Thursday, 6 October 2016

Risk Dashboards and emails

 It is critical that you create a suite of management dashboards that map the existing security metrics and the status of RISK tickets:
  • Open, In Progress
  • Awaiting Risk Acceptance, Risk Accepted
  • Risk Approved, Risk not Approved, Risk Expired
  • Allocated for Fix, Fixing, Test Fix
  • Fixed
Visualising this data makes it real and creates powerful dashboards. These need to be provided to all players in the software development lifecycle.

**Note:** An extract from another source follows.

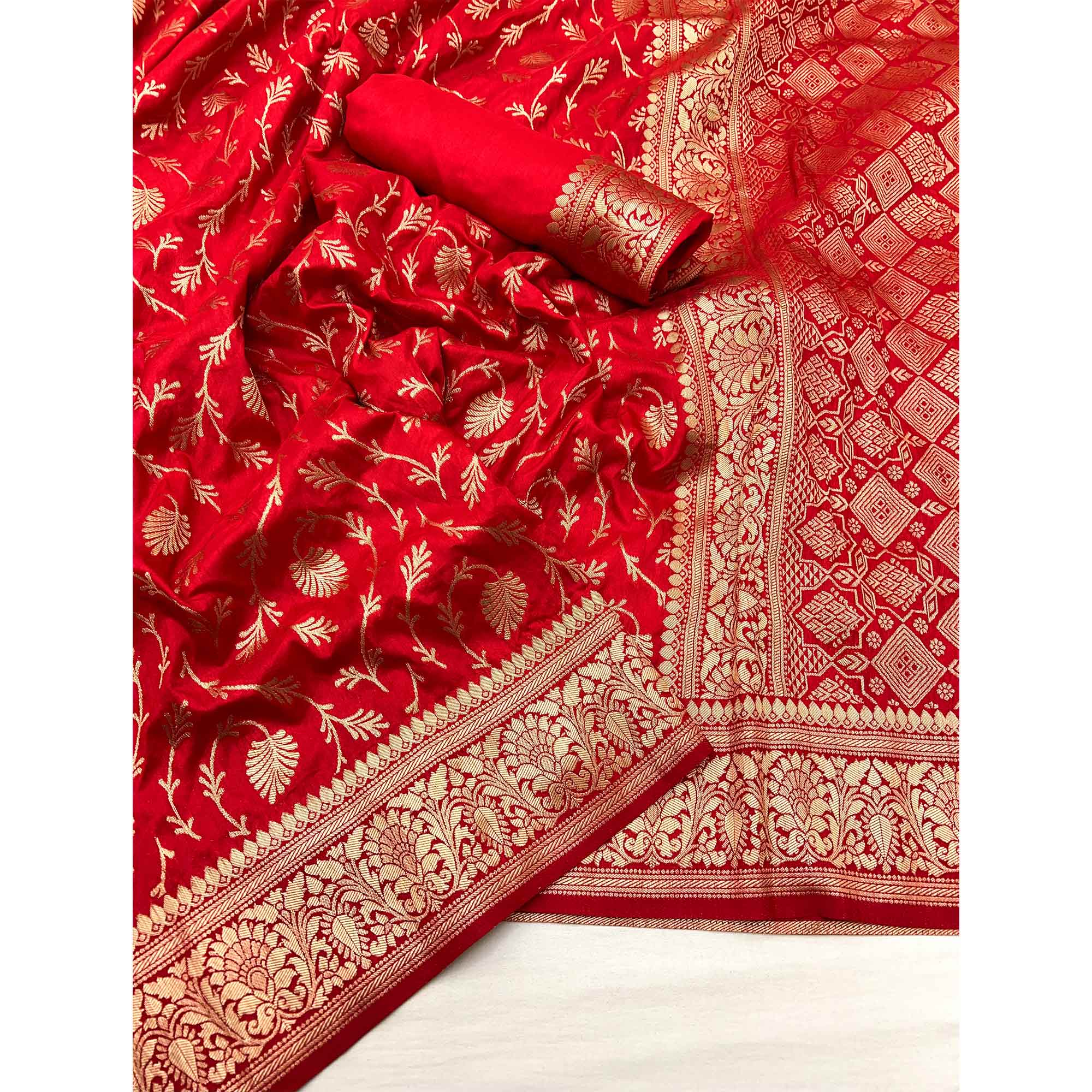 Red Floral Zari Woven Dola Silk Saree - Image 3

You should create a sequence of dashboards that starts with the developer (mapping the issues that he is responsible for), then his technical architect, then the business owner, the product owner ... all the way to the CTO and CISO.
Each dashboard makes it clear which risks they are responsible for, and the current status of application security for those particular applications/projects.
To reenforce ownership and make sure the issues/risks don't 'disappear', the solution is to use either the full dashboard, or specific tables/graphs, to create emails that are sent regularly to their respective owner.
The power of risk acceptance is that each layer is accepting risk on behalf of the layer above. Which means that the higher one is the company structure, the more risks are allocated and accepted (all the way to the CISO and CTO).
The CISO plays a big part in this workflow, since it is his job to approve all 'Risk Accepted' issues (or raise exceptions that need to approved by higher management).
This workflow drives a large number of security activities because each player is motivated to to act on his best interest (which is to reduce the number of allocated Risk Accepted items)
The idea is to social-engineer the management layer into asking the developers to do the non-function-requirements tasks that they know are important, but are seldom given the time to do.